Funny and provocative video (thanks David!) from Sun demonstrating 2 things:

  • 15k drives are vibration sensitive – in this case to a shout a couple of inches away.
  • That Sun’s Fishworks analysis suite enables realtime analysis of storage behavior.

Bad, bad, bad vibrations. . . .
Vibration issues are old news to the mechanical engineers who design enclosures. The Tsunami Harddisk Detector uses that fact for earthquake detection.
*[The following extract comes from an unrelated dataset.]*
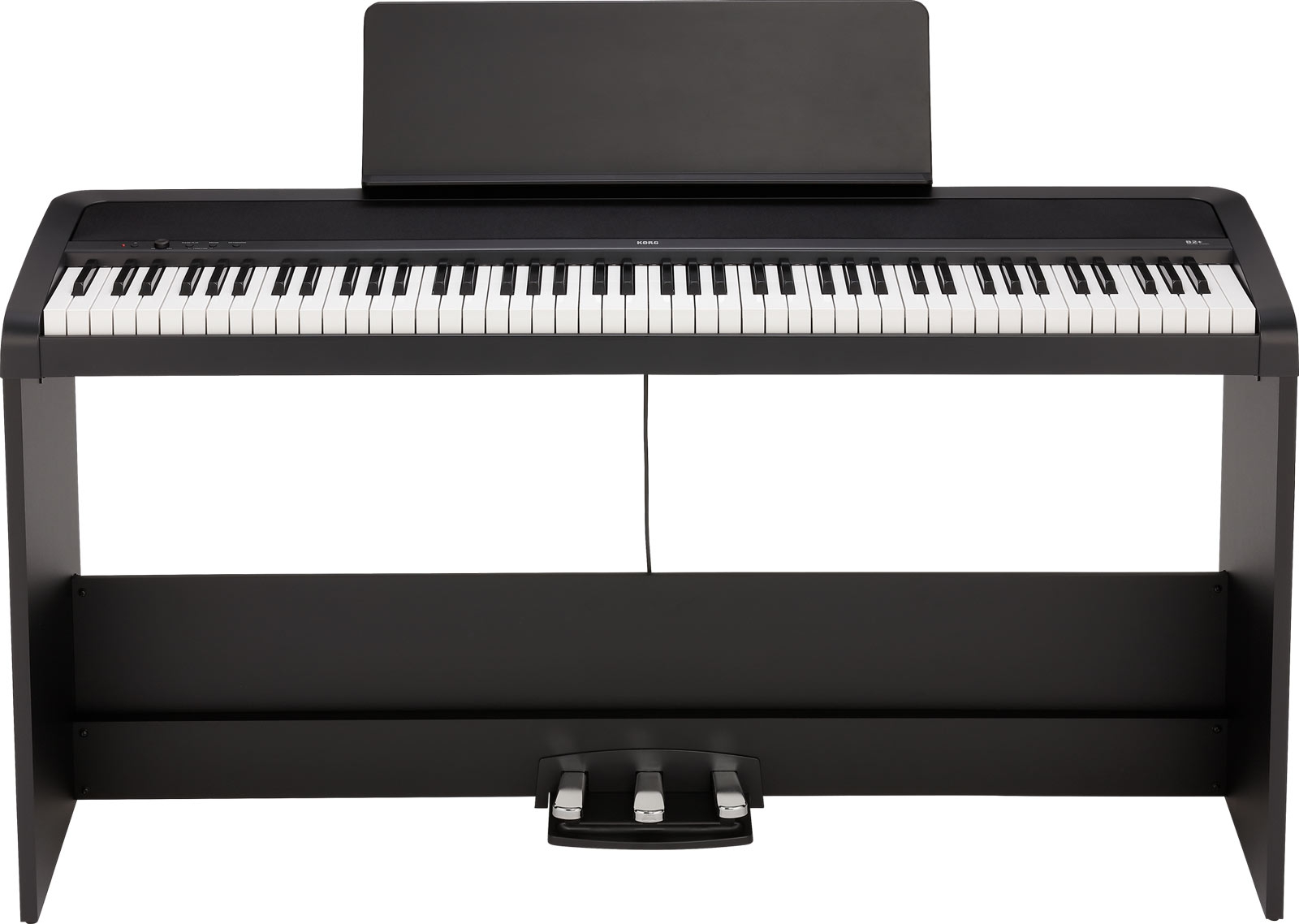 Korg B2+ SPBK zwart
A commenter on Brendan Gregg’s Fishworks engineering blog claims that replacing fans with bad bearings improved array throughput. That can’t look good to civilians.

The StorageMojo take
With any luck at all we should see a spate of competing videos proclaiming that Brand X enclosures pass the “shout test.” Of course, they’ll probably have to use Fishworks for the demos, which is all to Sun’s good.

I left Sun a decade ago. This reminds me that many of Sun’s best promo ideas come from the techies, not the marketers.

Fishworks is the kind of great technology that has always been at the root of Sun’s appeal. Translating that appeal into sales is Sun’s marketing challenge.

Courteous comments welcome, of course. Fishworks includes Bryan Cantrill’s brilliant Dtrace which I’ve been a fan of for years. Update: The too-often-right-for-his-own-good Wes says the drives aren’t 15k drives. I couldn’t find an RPM citation so I struck the 15k out above. A citation would be appreciated, eagle-eyed readers. End update.